Maryland's delegates to the convention joined the thousands gathered in the Tampa Bay Times Forum in applauding, cheering, shouting, whistling, Tweeting and posting on Facebook as Romney spoke. Delegates reacted throughout Romney's speech, breaking into chants and waving signs in the air.
"He knocked it out of the ballpark," said Ellen Sauerbrey, a former member of the House of Delegates and twice an unsuccessful candidate for Maryland governor. "I think he did just what he needed to do. The emphasis on jobs, families, freedom - it was a lot of things I wanted to hear and I heard them loud and clear."
Under the heading "We Believe in America," Romney expanded upon the vision of limited government described Wednesday by his running mate, Wisconsin Rep. Paul Ryan. Romney promised tax cuts and lighter regulations for small businesses, which he praised both in personal anecdotes and policy proposals as "America's engine of job growth."
Romney's acceptance speech concluded a Republican National Convention initially derailed by fears that Hurricane Isaac would make landfall in Florida. After the four-day convention schedule was retooled to fit into three days, Republican speakers lined up to assail Obama's term in office and make their arguments for the GOP ticket.
"It was Paul Ryan's job to be rougher on Obama, and Romney's job tonight was to create a vision for the future, and he laid it out in very simple terms,'' said Maryland National Committeeman Louis Pope.

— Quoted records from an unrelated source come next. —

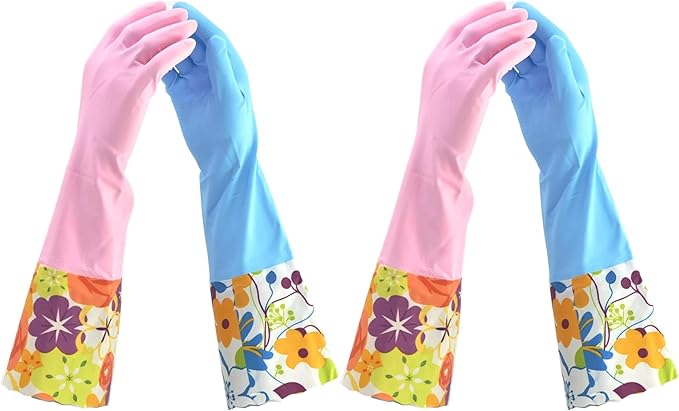 Household Gloves Latex-Free, 15" Long Cuff, Soft Lining, Adjustable Strap, Multi-Layer Protection, Flexible, Comfortable, Chemical-Resistant, Reusable for Cleaning, Dishwashing, 4 Pair Large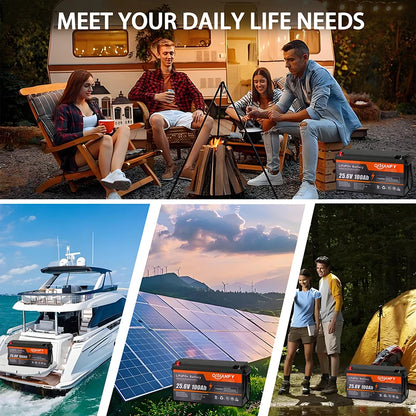 Qidianfy 25.6V 100Ah/200Ah LiFePO4 Battery - 100A Built-In BMS Deep Cycle Power for RV, Solar, Marine & Off-Grid Backup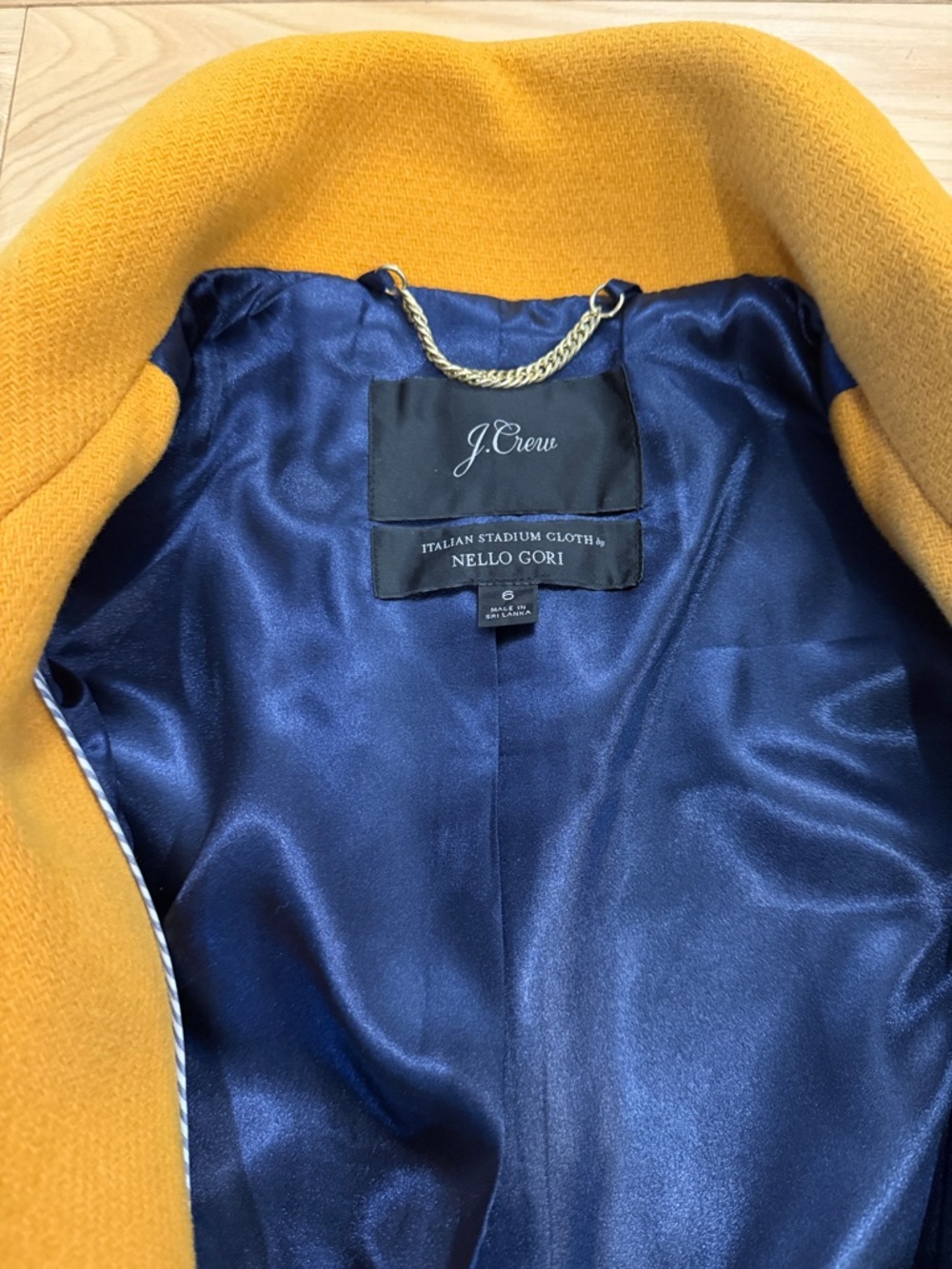 J.Crew Nello Gori Italian Stadium Coat Mustard Yellow Size 6 - Picture 4 of 7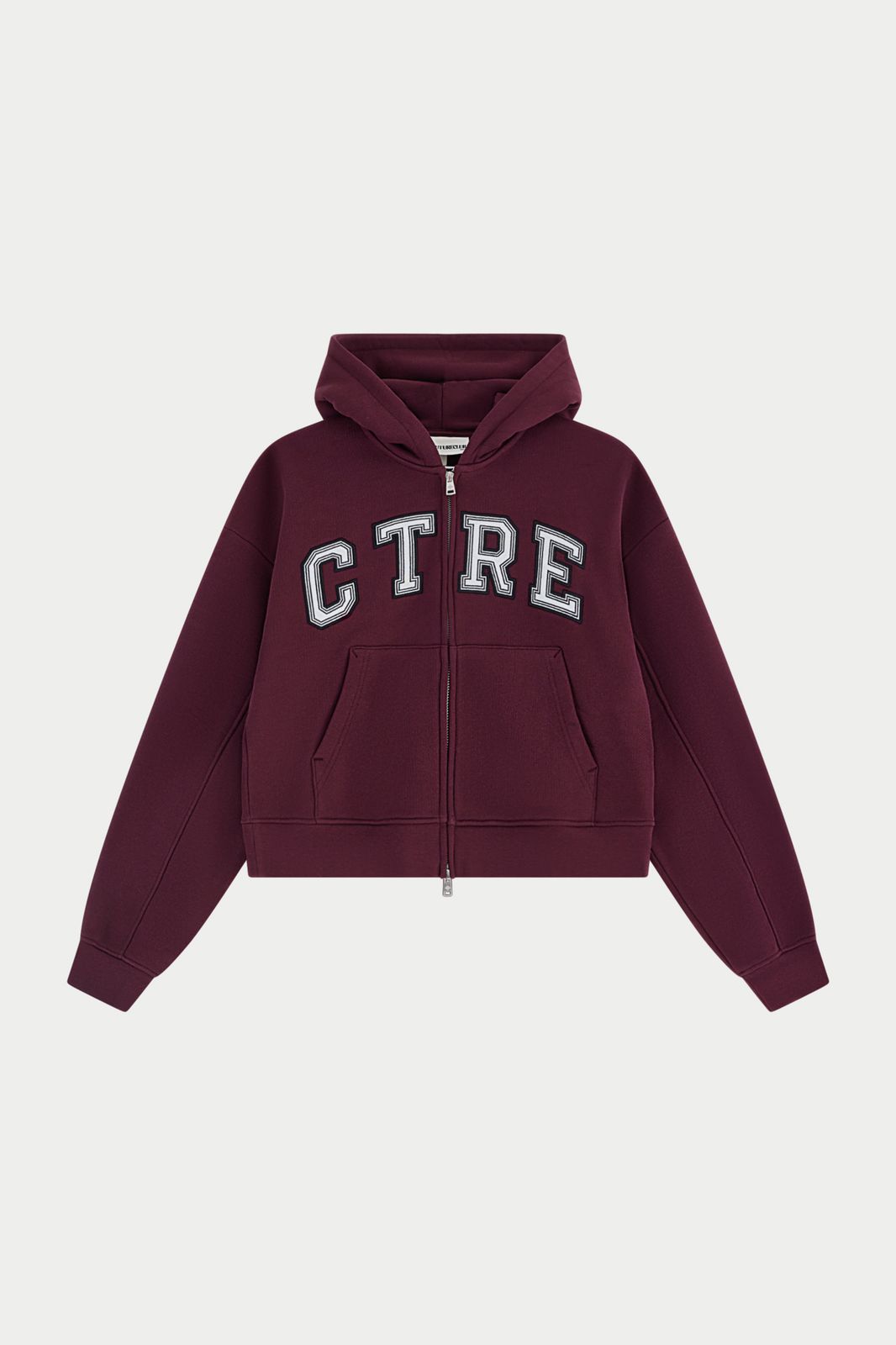 CTRE APPLIQUE ZIP THROUGH HOODIE - PLUM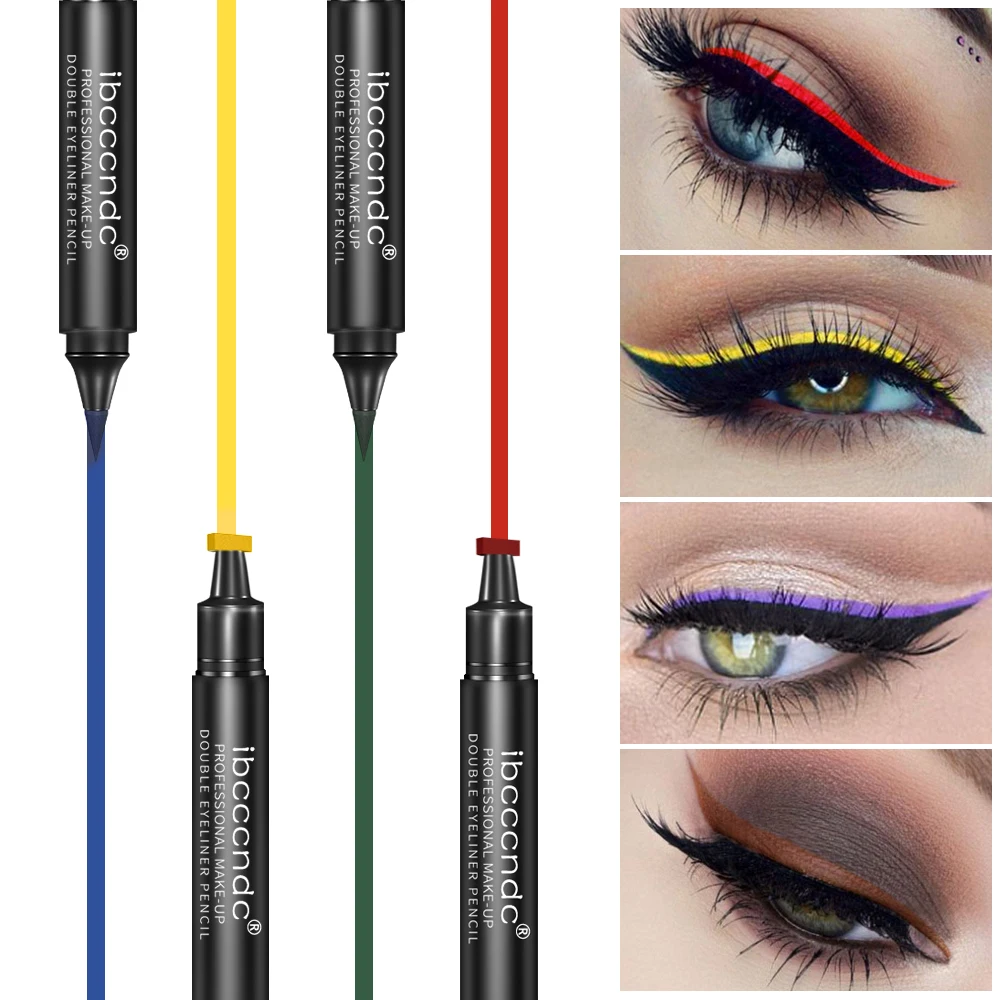 

6 Colors Liquid Eyeliner Stamp Pen Matte Black Colorful Lazy Eyes Make Up Waterproof Quick Dry Blue Green Red Yellow Eye Liner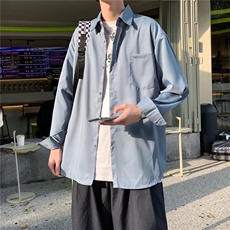 长袖衬衫男港风日系春季韩版潮流冰丝衬衣CT39P36，男装衬衫，星座1116-2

The former governor of Massachusetts hardly stopped campaigning after losing the Republican nomination to Sen. John McCain in 2008. He emerged an early favorite in the 2012 race, but a lineup of Republican one-hit-wonders ranging from businessman Herman Cain to Texas Gov. Rick Perry - and a rule change that forced early caucus and primary states to award their delegates proportionately - kept Romney from effectively securing the nomination until former Pennsylvania Sen. Rick Santorum suspended his campaign in early April.
Thursday, Romney used the hype surrounding Obama's candidacy in 2008 to portray himself as a pragmatic leader.
"You know there's something wrong with the kind of job he's done as president when the best feeling you had was the day you voted for him," Romney said. "President Obama promised to begin to slow the rise of the oceans and to heal the planet. My promise is to help you and your family."
Other speakers during the convention focused on Romney's personal life in order to make him a more likable candidate. Ann Romney shared stories from the early days of their marriage, praising her husband's generosity and selflessness. She also appealed to female voters, one of Obama's most important voting blocs.
Like his wife, Romney devoted part of his speech to courting women voters, highlighting female Republican governors, as well as his hiring of women in the public and private sectors.
Romney's most assertive moments came when he defended Bain Capital, the company he co-founded in 1984, as "a great American success story." The Romney campaign initially touted it as a selling point for their candidate, but Obama and his surrogates have used Romney's time at the company to paint him as a heartless capitalist who shuttered businesses and outsourced jobs for personal gain.
Romney pointed to Obama's lack of private sector experience, which he called a basic qualification for the presidency.
"In America, we celebrate success. We don't apologize for success," Romney said.
Delegate Kelly Schulz, a Frederick County Republican and member of the House of Delegates, described the speech as "inspirational and motivational."
"It's certainly going to make people work harder in these 68 days we have left," she said.
CNS Staff Writer Caitlin Johnston contributed to this report.